WWF Central Africa helps promote the culture of indigenous people at Yaoundé Fashion Week
WWF joined efforts with Cameroon’s Center for Fashion Designers (Centre des Créateurs de Mode du Cameroun - CCMC) and the Goethe Institute in order to promote the dress culture of the indigenous people who have inhabited the forests of the Congo Basin for over 3,000 years. The three organizations have used the Obom – a 100% natural fabric sourced from ficus tree bark and utilized by forest communities in their traditional clothes – to create eight modern designs.
The collection, which includes pieces for both women and men, was showcased at various events throughout the week, including the final parade at the National Museum. Cameroonian authorities, foreign dignitaries, and many other local and international high profile guests attended.

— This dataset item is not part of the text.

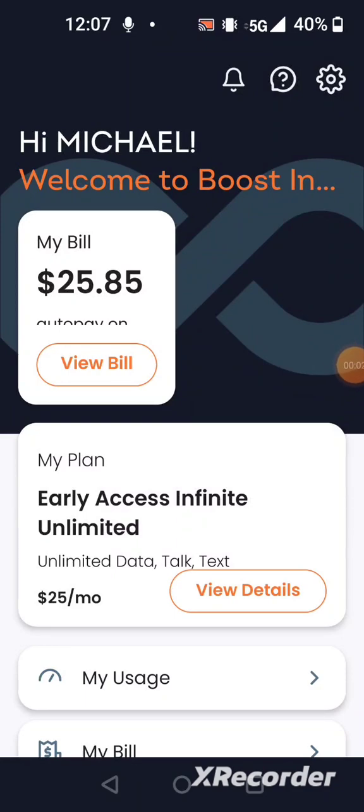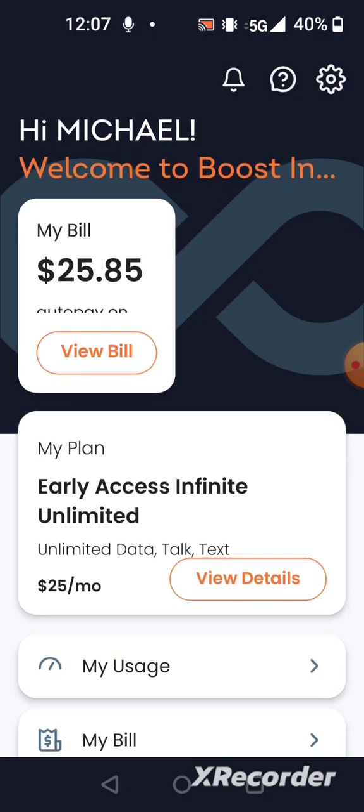Hey, what up, this is Daily Tech Mike here. I was supposed to upload a third part to my Boost Infinite video — activating the SIM card, basically putting a SIM card in my phone and doing some speed testing on Boost Infinite. What happened was when I went to go enter the SIM card into the phone,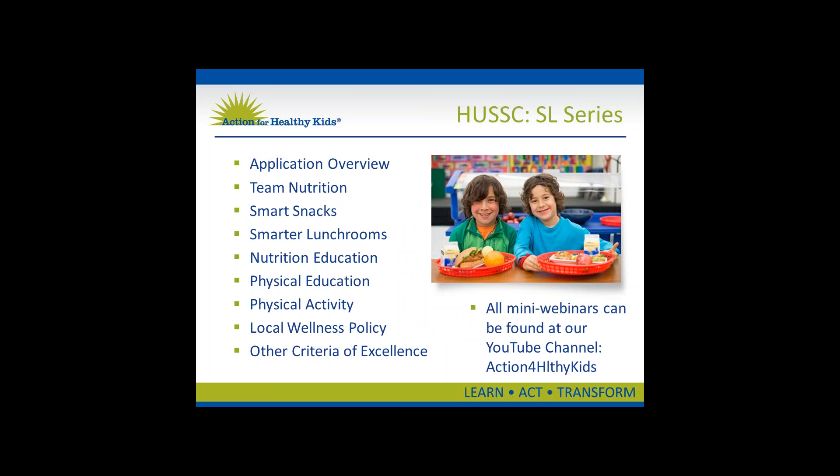This presentation is part of the Action for Healthy Kids Healthier U.S. School Challenge Smarter Lunchroom Initiative mini-webinar series. This initiative is a great opportunity to help your school receive recognition for and sustain your health and wellness initiatives. We have developed this series to provide school administrators, teachers, nurses, food service managers, parents, and school wellness advocates with the tools and knowledge you'll need to successfully submit an application. The series is divided into nine separate mini-webinars, available on our YouTube channel, each viewable in about 10 to 12 minutes. Today's presentation is focused on the Smarter Lunchroom section of the application.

“This collection allowed us to send a very clear message: there is no barrier between forest and modernity, between traditional communities and economic development,” said Alexandre Brecher, WWF’s communication manager for Central Africa. “It is therefore possible to look towards the future without losing one’s cultural heritage.”
Side events during Fashion Week, which was organized under the patronage of Cameroon’s Ministry of Culture, included a panel discussion where anthropologists, artists and conservationists presented different aspects of indigenous cultures as well as weighed on opportunities to valorize traditional fabrics and customs within income-generating schemes for forest communities.